ENTRIES SHOWN>

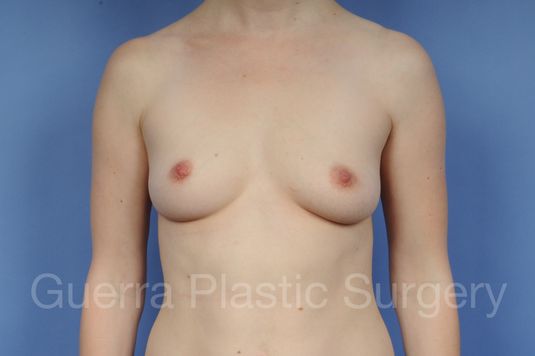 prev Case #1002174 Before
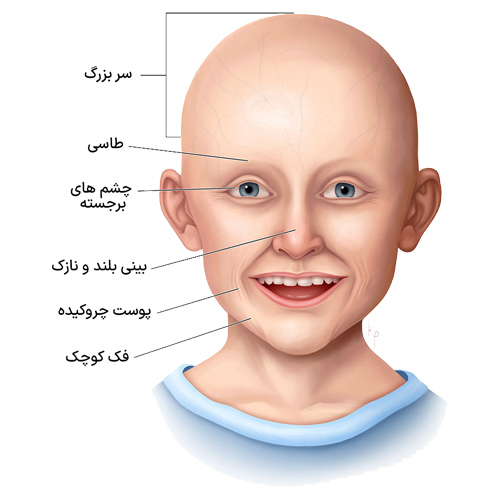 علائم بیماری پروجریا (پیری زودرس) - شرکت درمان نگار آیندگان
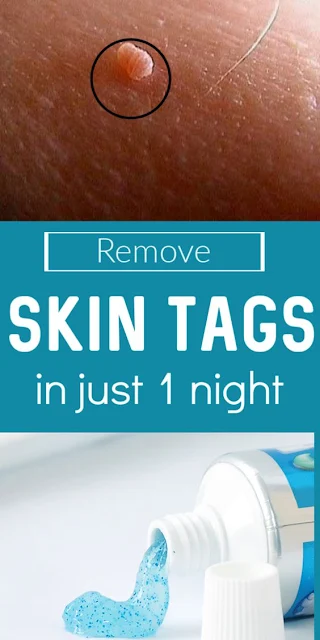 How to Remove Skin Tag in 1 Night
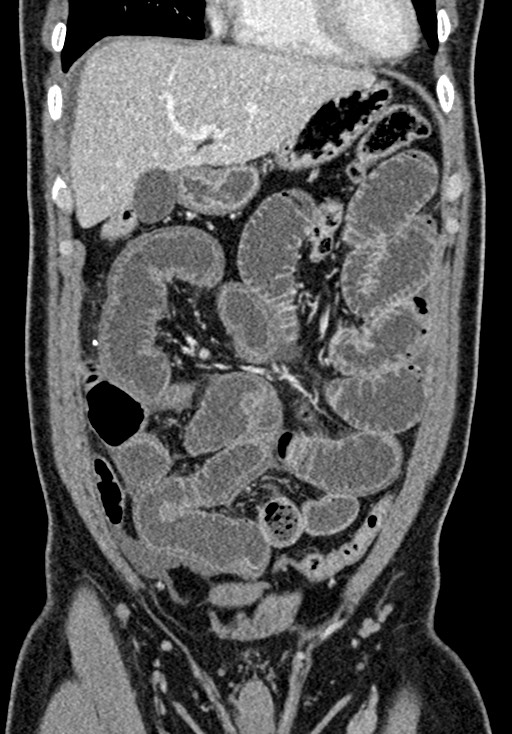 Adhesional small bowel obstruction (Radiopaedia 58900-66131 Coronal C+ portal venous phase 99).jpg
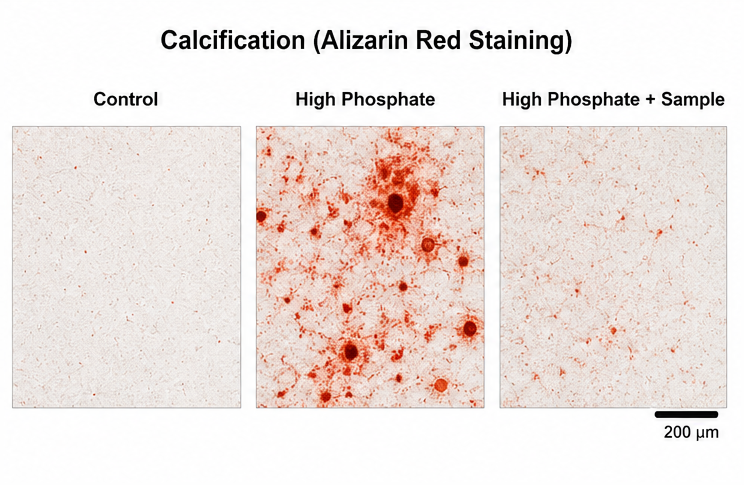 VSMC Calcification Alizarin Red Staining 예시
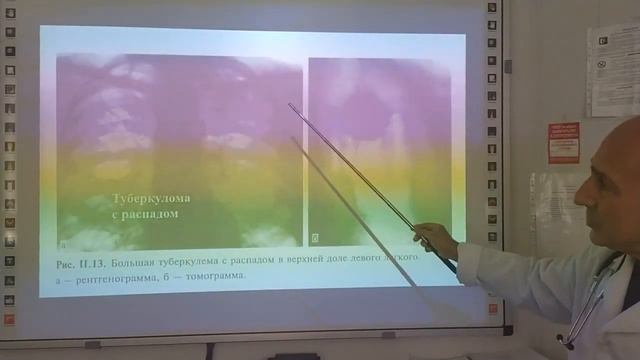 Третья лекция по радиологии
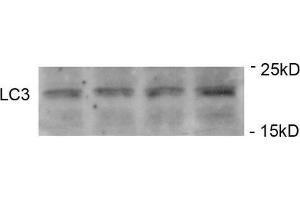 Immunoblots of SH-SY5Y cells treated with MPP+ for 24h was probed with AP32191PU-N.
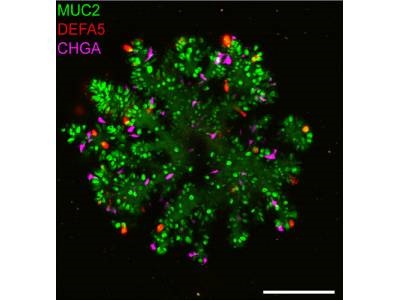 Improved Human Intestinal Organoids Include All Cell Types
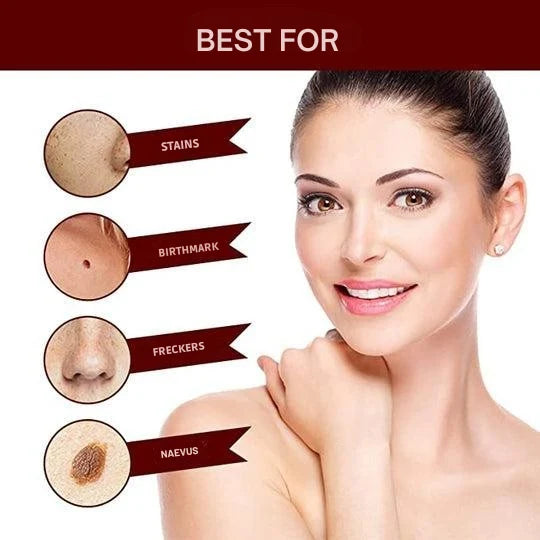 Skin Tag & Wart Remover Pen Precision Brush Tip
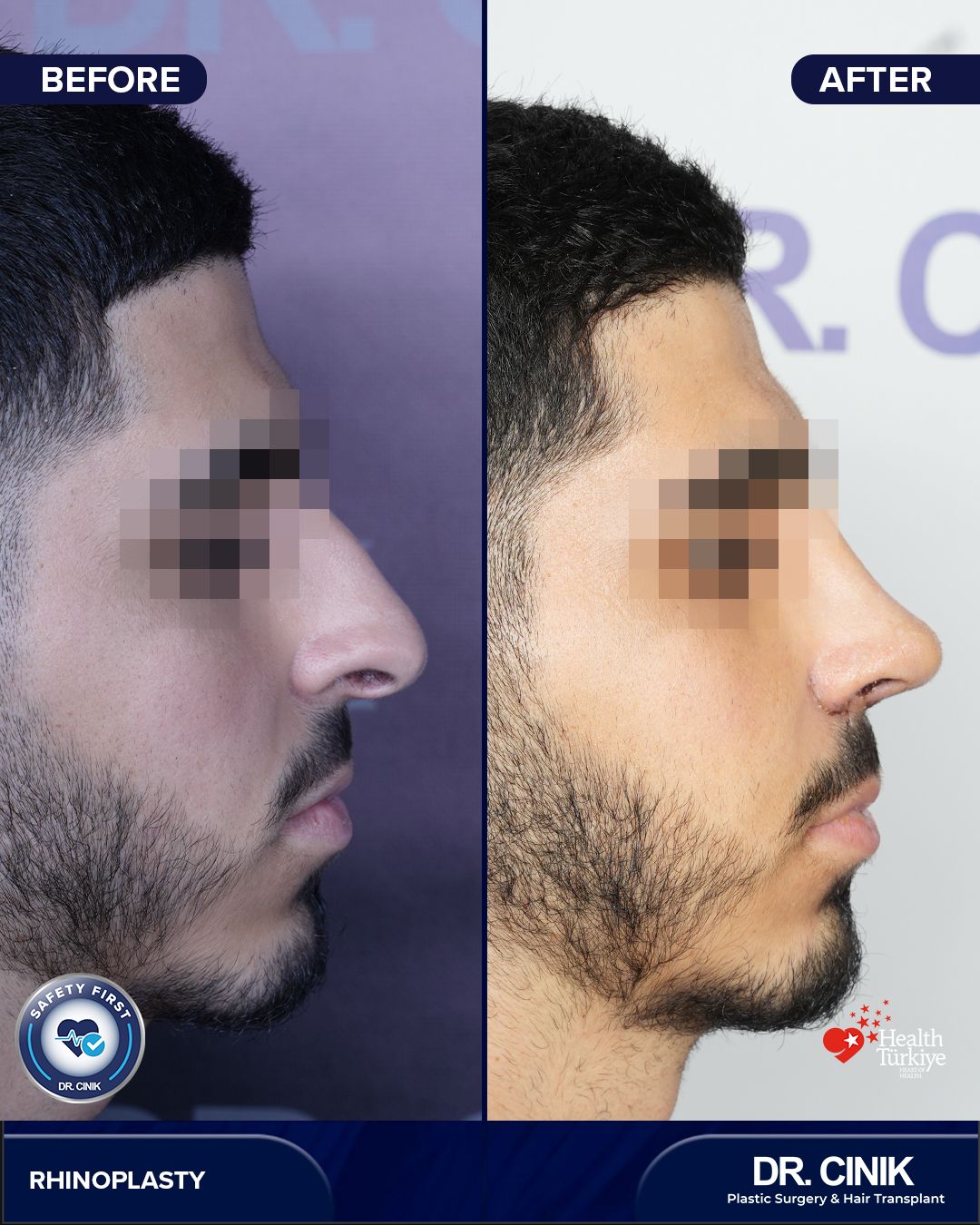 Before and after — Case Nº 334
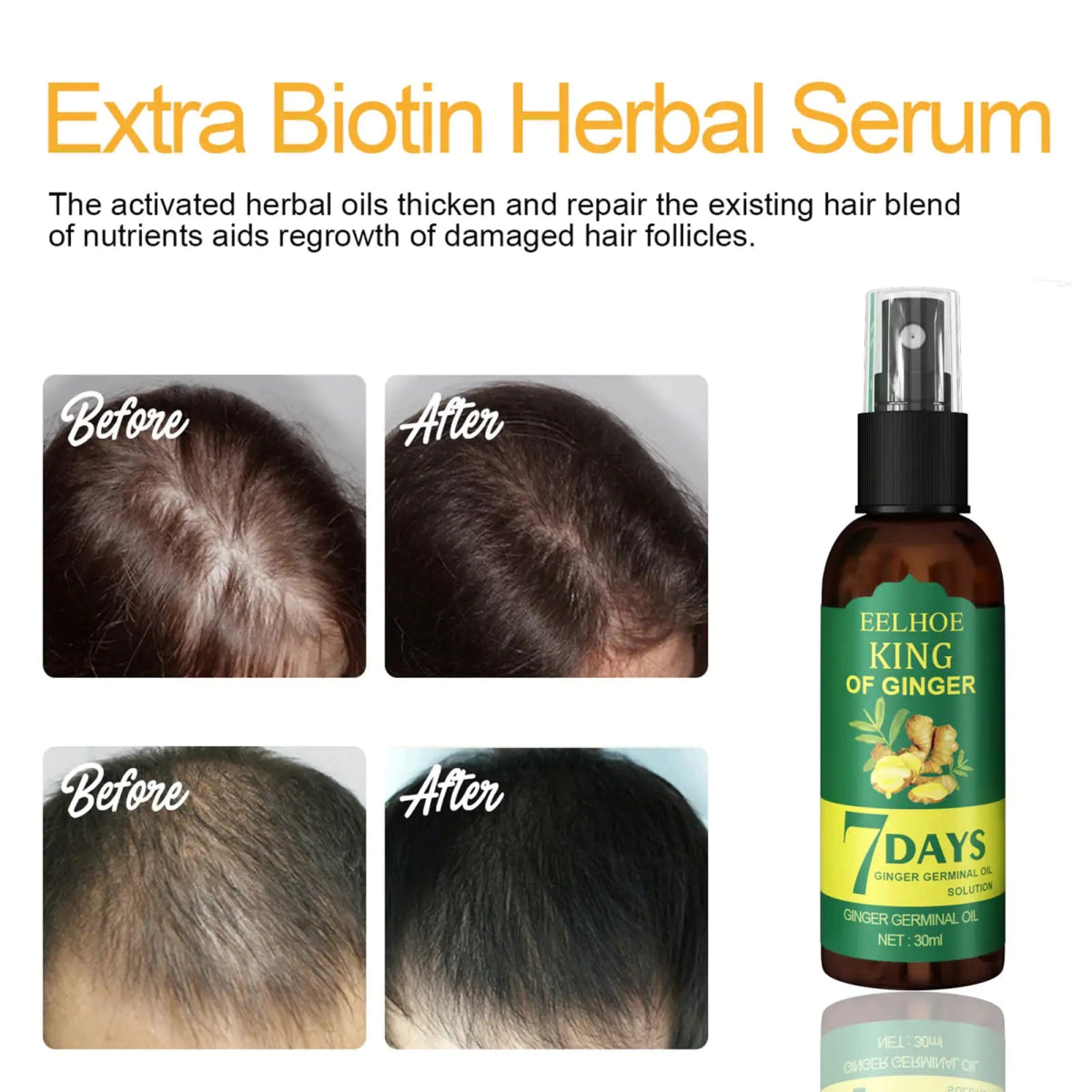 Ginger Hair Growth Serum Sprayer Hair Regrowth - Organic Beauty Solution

ASSIGNMENT>
Copy out every line above without change, dropping the pictures.

EXPECTED OUTPUT>
 prev Case #1002174 Before
 علائم بیماری پروجریا (پیری زودرس) - شرکت درمان نگار آیندگان
 How to Remove Skin Tag in 1 Night
 Adhesional small bowel obstruction (Radiopaedia 58900-66131 Coronal C+ portal venous phase 99).jpg
 VSMC Calcification Alizarin Red Staining 예시
 Третья лекция по радиологии
 Immunoblots of SH-SY5Y cells treated with MPP+ for 24h was probed with AP32191PU-N.
 Improved Human Intestinal Organoids Include All Cell Types
 Skin Tag & Wart Remover Pen Precision Brush Tip
 Before and after — Case Nº 334
 Ginger Hair Growth Serum Sprayer Hair Regrowth - Organic Beauty Solution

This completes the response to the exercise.